The interior isn't quite as daring, though it is well-equipped and solidly screwed together. The SV trim level brings a seven-inch central screen, while Nissan Connect is standard on SV Premium and SVE. You'll spot that certain components have been borrowed from the Micra's bigger siblings, but overall, it's a good place to be for the front occupants at the very least. Space is a tad tight in the rear (especially in the head department), thanks in part to the generously-sized 300-litre boot. The Safety Pack is optional on all levels other than SVE, and comprises emergency braking and lane assist functions among others.
Name its best bits
Without wishing to bang on and on about the obvious, the styling really is quite appealing. Nissan clearly recognised that the old car's paltry sales figures needed drastic action to counteract, and the company must be commended for making such a quantum leap. There has been lots of chassis improvements too; while the Micra stops rather short of being a sporty drive, it feels nicely composed and stable in a way that its ancestors never did. You get the sensation that the big circular thing in front of you is actually connected to the front wheels, which is always nice.
Anything that bugs you?
Performance from the naturally-aspirated 1.0-litre petrol engine can be best described as 'unrushed'. While it's fine around town, on open roads it is too sluggish to be viable for regular long-distance use. You have to rev it to move the car along at anything approaching a decent lick, with obvious drawbacks for fuel economy. Paired with a gearshift action that's long of throw and evocative of times past in its wooliness, it wouldn't be our first choice of powerplant. The Renault-sourced 0.9-litre turbocharged petrol, or the 1.5-litre diesel are the ones to pick if you spend a lot of time on the open road.
And why have you given it this rating?
Everything about the Micra has been improved to such a degree that it's hard to not to award it at least four stars.
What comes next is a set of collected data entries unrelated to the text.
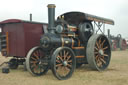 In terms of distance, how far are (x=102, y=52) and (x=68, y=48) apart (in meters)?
2.05

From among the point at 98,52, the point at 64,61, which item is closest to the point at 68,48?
the point at 64,61

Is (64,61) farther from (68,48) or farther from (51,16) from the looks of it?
(51,16)

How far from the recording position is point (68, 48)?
636 centimetres

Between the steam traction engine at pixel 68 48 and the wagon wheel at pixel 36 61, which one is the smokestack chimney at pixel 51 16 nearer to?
the steam traction engine at pixel 68 48

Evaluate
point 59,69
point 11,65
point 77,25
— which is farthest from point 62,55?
point 11,65

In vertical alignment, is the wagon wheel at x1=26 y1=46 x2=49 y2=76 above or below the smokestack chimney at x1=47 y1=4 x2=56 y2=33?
below

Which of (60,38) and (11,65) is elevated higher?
(60,38)

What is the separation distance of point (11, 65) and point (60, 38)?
3126 mm

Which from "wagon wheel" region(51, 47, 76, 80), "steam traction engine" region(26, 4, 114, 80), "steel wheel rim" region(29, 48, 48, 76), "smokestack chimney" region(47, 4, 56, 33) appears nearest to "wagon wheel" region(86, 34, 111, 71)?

Nissan's stated aim of tackling the likes of the Volkswagen Polo and Ford Fiesta meant that the car had to be worlds better than the outgoing model, and it emphatically is. It will be interesting to see the sales figures in a year or so, especially with the glut of recently-launched and forthcoming cars in this crowded class. Whatever way the figures will read, the Micra deserves to do well.
I want to know more
With the marked improvement in quality comes an increase in price, so the Micra range now starts at €16,650 and tops out at €22,650 for the diesel-engined SVE. Our car came in at €17,450, and with PCP finance can be on your driveway for €166.35 per month with a 30 per cent deposit and a GMFV of €6,980.